More crazy tort cases from the US… Apparently a 14 year old girl is suing the Chicago Board of Education for emotional distress suffered when her class was shown the film Brokeback Mountain. I presume the emotional distress arose because of the film’s portrayal of a closet homosexual relationship between two cowboys. She purportedly seeks damages of $500,000.
What exactly is so distressing about the revelation that cowboys may have a covert homosexual relationship? I can understand that girl’s guardians may have wished to have had a say in whether she watched the film. Further, they may not have wished her to learn about homosexuality from a film. But I can’t see how this gives her an entitlement to half a million bucks.
I was trying to think of a topic about which I would feel outraged if a school teacher exposed my child to it without my consent. I think if a school showed a film with graphic violence to my teenage daughter, for example, I would want a say in it. But I don’t think suing the school would be the answer. I would raise my concerns with the school, and say that I thought it was inappropriate. I would also counsel my daughter and encourage her to talk about anything she found disturbing or worrying. Surely that’s all that a guardian or parent needs to do? Suing for half a million is really over the top.
Update
Someone has pointed out that Brokeback Mountain shouldn’t be shown in schools because it is rated R. This is a very good point. So the teacher certainly should not have been showing the film to students under the age of 18. But still…$500,000 for emotional distress?
I wonder if you could sue the school for breaching the film classification recommendations - sounds to me like that’s a more productive way to go to prevent this sort of thing in the future.
2 Comments
Personally I would be outraged if my daughters school showed Al Gores “an inconvenient truth” to the children…
It’s amazing what parents will complain about.

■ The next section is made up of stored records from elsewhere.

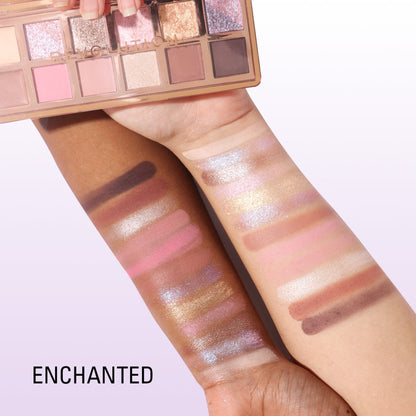 Makeup Revolution Eyeshadow Palette - The Enchanted Icon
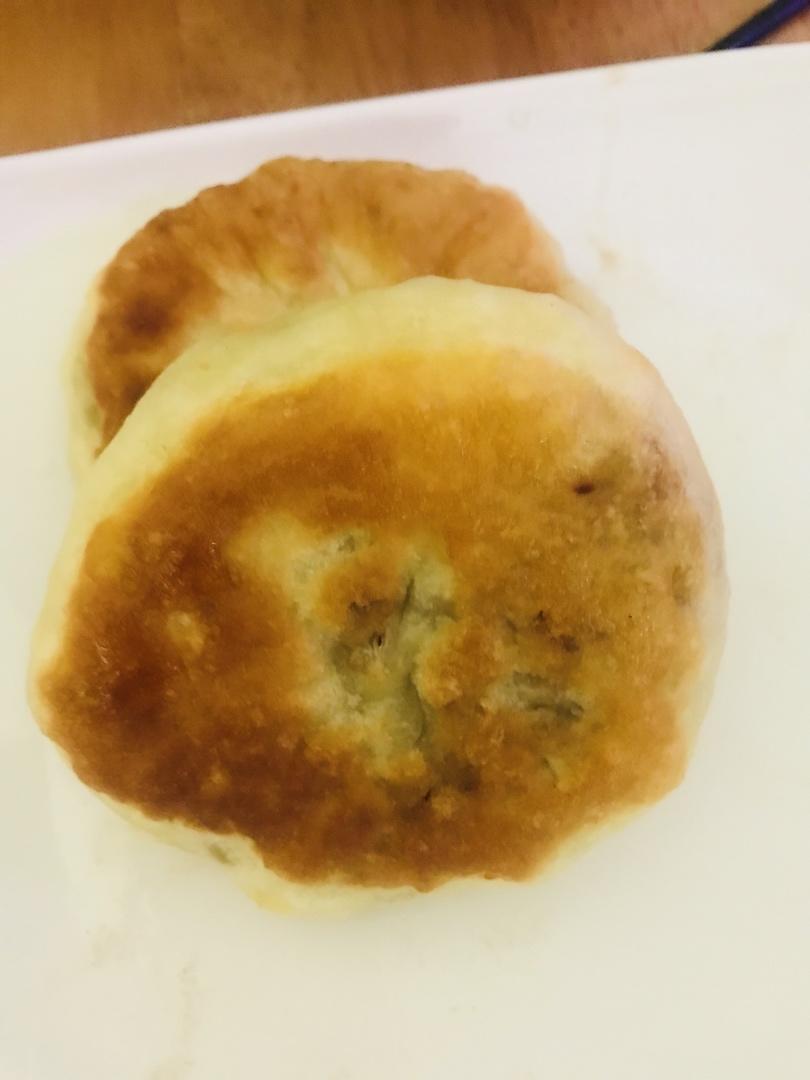 不用去早餐店的发面馅饼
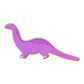 Celebakes Brontosaurus Cookie Cutter, 7 1/4"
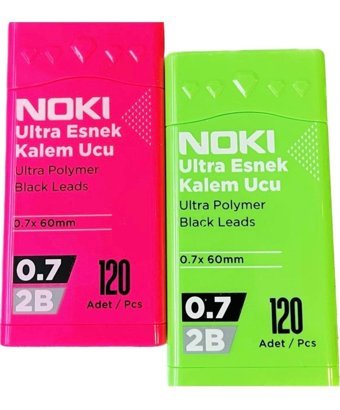 Noki 2B 0.7 mm 120'li Kalem Ucu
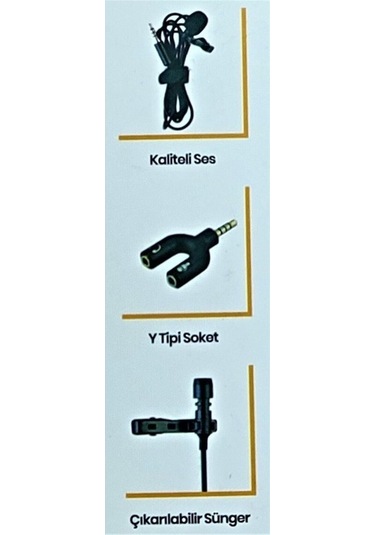 Starcom Yaka Mikrofonu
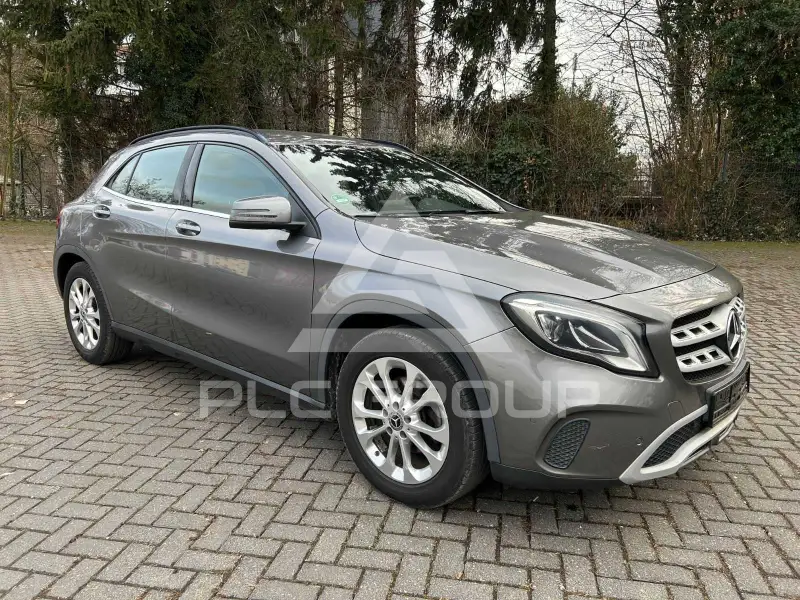 2017 Mercedes Benz GLA 200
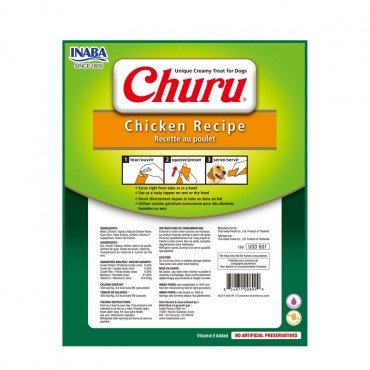 Churu Perro Chicken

A few years before I started at my current place of employment, a mother of a junior student took the school to the papers because, as a Christian, she disapproved of the ’sexual content’ in a school novel (the sexual content to which she so objected was a completely contextual description of puberty).
Nothing came of it, as it’s a text used and approved statewide, however it gave me pause - there are so many texts, films, theories (I’ve had a student denounce evolution in my class before) with the capability to be controversial - it’s no wonder we’re drowning in a sea of political correctness.